**DIRECTIONS FOR THIS TASK**
The required output is the stretch from the line containing "Furnished interior view" through the line containing "Hawaiianische Inseln Handgemachte" in the records below, unaltered and with no pictures.

**Extracted data entries**
:::

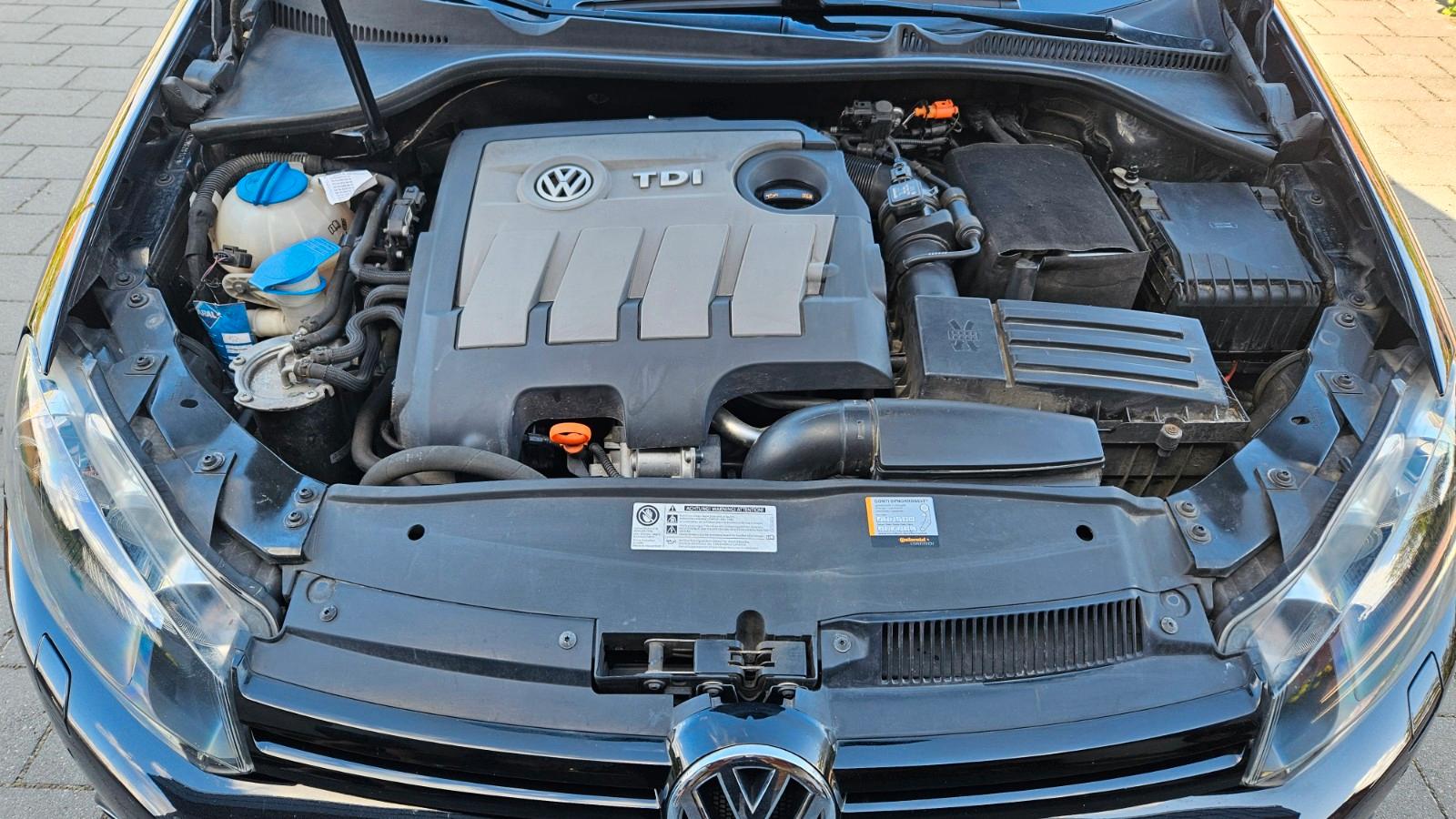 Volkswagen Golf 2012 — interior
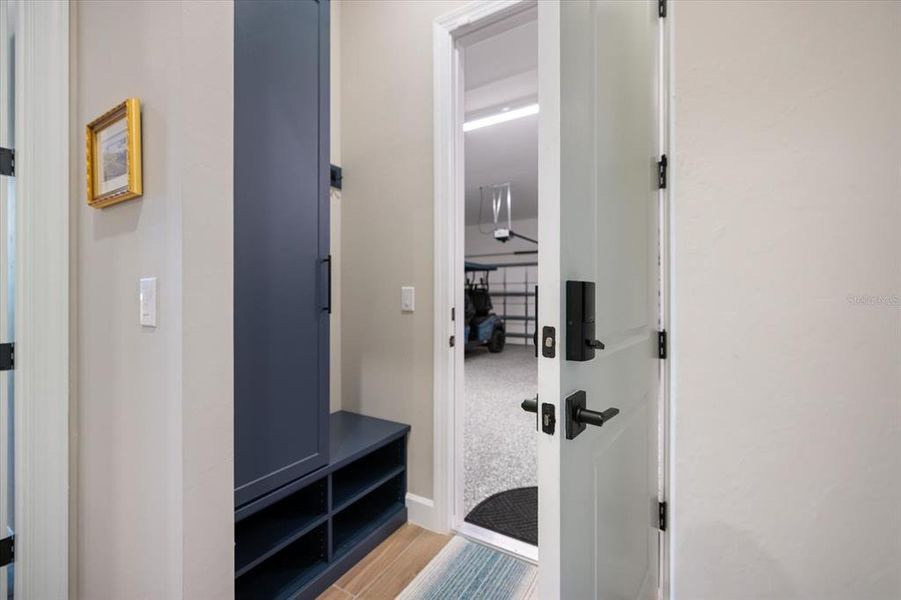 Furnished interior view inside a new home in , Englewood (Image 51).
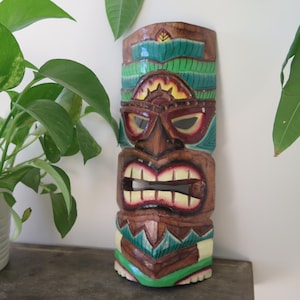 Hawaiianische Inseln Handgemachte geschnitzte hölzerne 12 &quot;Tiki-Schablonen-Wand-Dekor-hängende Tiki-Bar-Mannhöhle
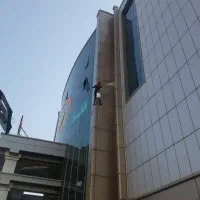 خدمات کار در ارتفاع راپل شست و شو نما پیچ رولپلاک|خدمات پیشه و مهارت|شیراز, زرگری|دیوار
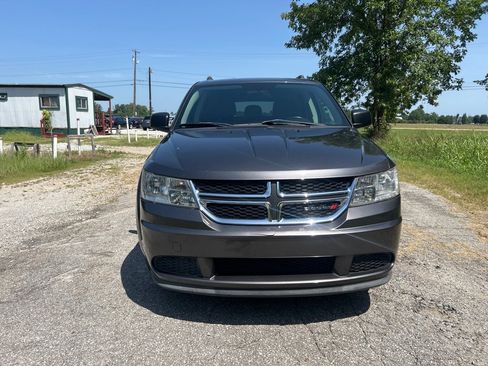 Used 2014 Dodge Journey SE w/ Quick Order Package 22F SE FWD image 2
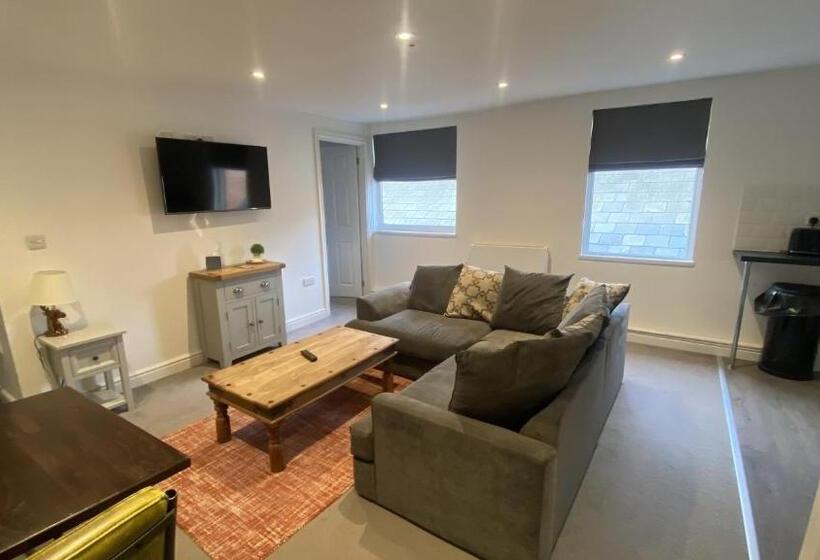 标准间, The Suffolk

:::

**OUTPUT FOR THIS EXERCISE**
 Furnished interior view inside a new home in , Englewood (Image 51).
 Hawaiianische Inseln Handgemachte geschnitzte hölzerne 12 &quot;Tiki-Schablonen-Wand-Dekor-hängende Tiki-Bar-Mannhöhle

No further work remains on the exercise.